Direct account opening at a licensed exchange is a far more rational choice, especially for the following types of investors:
Large Asset Size: Eliminating hefty custody fees has a significant impact on long-term investment returns.
Prioritize Self-Custody: For those who want to withdraw assets to a cold wallet (e.g., Ledger) for self-custody and practice true financial autonomy.
Diversified Allocation Needs: For those looking to trade assets beyond the majors or use perpetual contracts for risk hedging.
Compliance & Yield: For those hoping to utilize stablecoins (like USDGO) for lower-risk yield management.
Q: Are cryptocurrency services provided by brokerages regulated?

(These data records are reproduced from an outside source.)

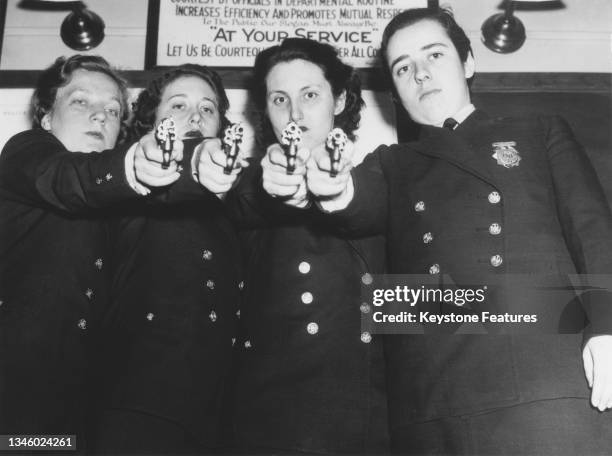 Uniformed female police officers of the New York Police Department in training, USA, circa 1935. Behind them is a sign which encourages courtesy to...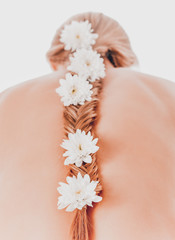 beautiful young girl with long hair with flowers in braid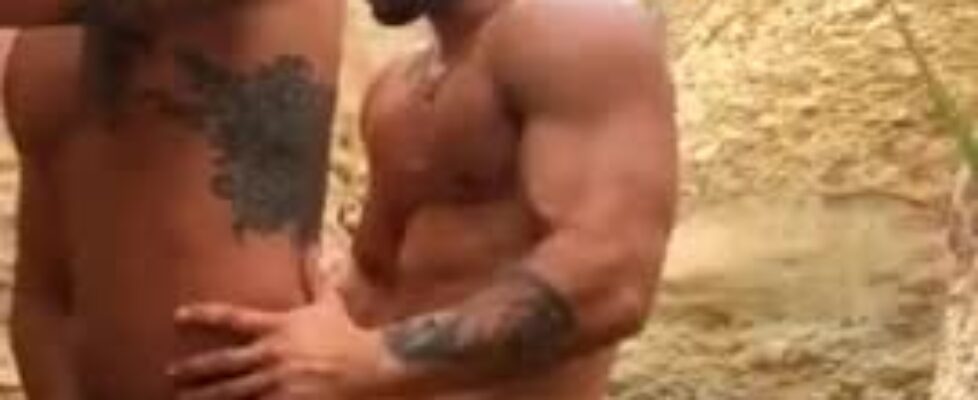 Two muscled stud enjoying a nice beach day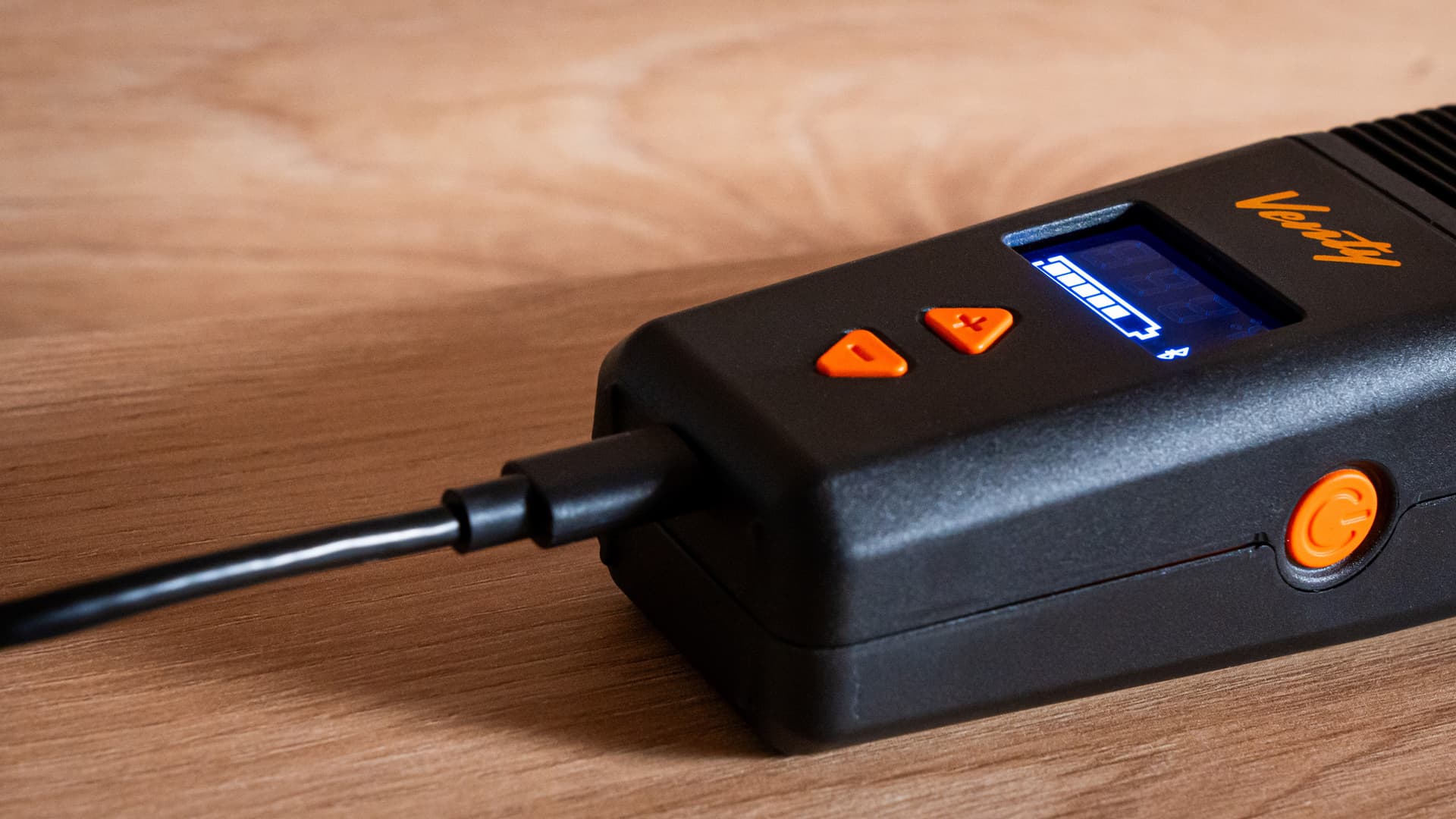 A USB-C cable plugged into the charging port of a Venty vaporizer with the battery indicator illuminated on its display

Yes. Brokerages authorized to provide such services are regulated by the Hong Kong Securities and Futures Commission (SFC). However, their virtual asset businesses mostly operate on an "agency model," meaning investors bear additional channel risks and potential intermediary costs.
Q: Can cryptocurrencies purchased at a brokerage be transferred out (withdrawn)?
This depends on the individual broker's policy. Currently, constrained by their underlying architecture, many brokers do not support virtual asset withdrawals or impose extremely strict conditions, significantly restricting asset liquidity.
In the world of virtual assets, the hard truth of "Not your keys, not your coins" equally applies to platform selection.
Brokerage crypto services open the door to virtual assets for the general public, making them highly suitable for retail users looking for initial exposure through low-value, low-frequency trades. However, as you enter the professional asset allocation stage, choosing to open an account directly with an SFC-regulated licensed virtual asset exchange like OSL offers significantly lower long-term holding costs, institutional-grade security, and comprehensive feature support.
Cutting out the middleman and returning to source trading is the most robust choice for safeguarding and growing your virtual assets.
Disclaimer: This presentation is for informational purposes only and does not constitute, and shall not be construed as, an offer, solicitation, or recommendation to buy, sell, or trade any digital assets, securities, or financial products. This document does not constitute financial, investment, legal, tax, accounting, or other professional advice, and should not be relied upon as such. Virtual asset prices are highly volatile, and investments involve risk. Please ensure you fully understand the associated risks before making independent investment decisions.